タイミング重視か、コツコツ積み立てか

 ETFと投資信託の最大の違いは、上場しているか、していないかです。

 ETFは、通常の株式と同様、立会時間中にリアルタイムで変動する市場価格で取引ができます。注文の方法も、買い・売りの値段を自分で指定する「指値注文」と、値段を指定せずに最優先の呼値(よびね)で取引が執行される「成行注文」から選択できます。また、通常の株式と同様、信用取引も可能です。

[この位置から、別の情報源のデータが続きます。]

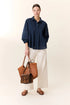 Leon & Harper blouse chimi pleat black iris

 対して投資信託は、1日に1回公表される基準価額で取引を行うほか、ブラインド方式によって、実際の取引価格は分からない仕組みになっています。したがって、ETFのように、マーケットのタイミングを見ながら迅速に取引したいというニーズには応えられません。一方で、あらかじめ指定した日に、指定した金額で自動的に買い付けを行う積み立てとは好相性です。

 iDeCo(イデコ:個人型確定拠出年金)やつみたてNISA(ニーサ:少額投資非課税制度)など、個人の資産形成を後押しする制度に投資信託が活用されているのには、1日単位でしか価格が動かず、指定した金額単位で買い付けができるという、投資信託ならではの特性が関係しています。

アクティブ型は投資信託の方が選択肢多し

「インデックスよりも高いリターンを狙いたい」、または「インデックスよりもリスクを抑えたい」といった、具体的な運用ニーズがある方も、投資信託を選択肢に入れた方がよいでしょう。

 前回解説した通り、国内の取引所に上場するETFは、上場審査基準上、何らかの指数に連動した投資成果を目指す必要があり、指数を上回るリターンを目指すアクティブ型ETFの上場は認められていません。海外ETFとして展開されている、米国のアクティブ型ETFを取引することは可能ですが、投資信託と比べると選択肢は少なくなっています。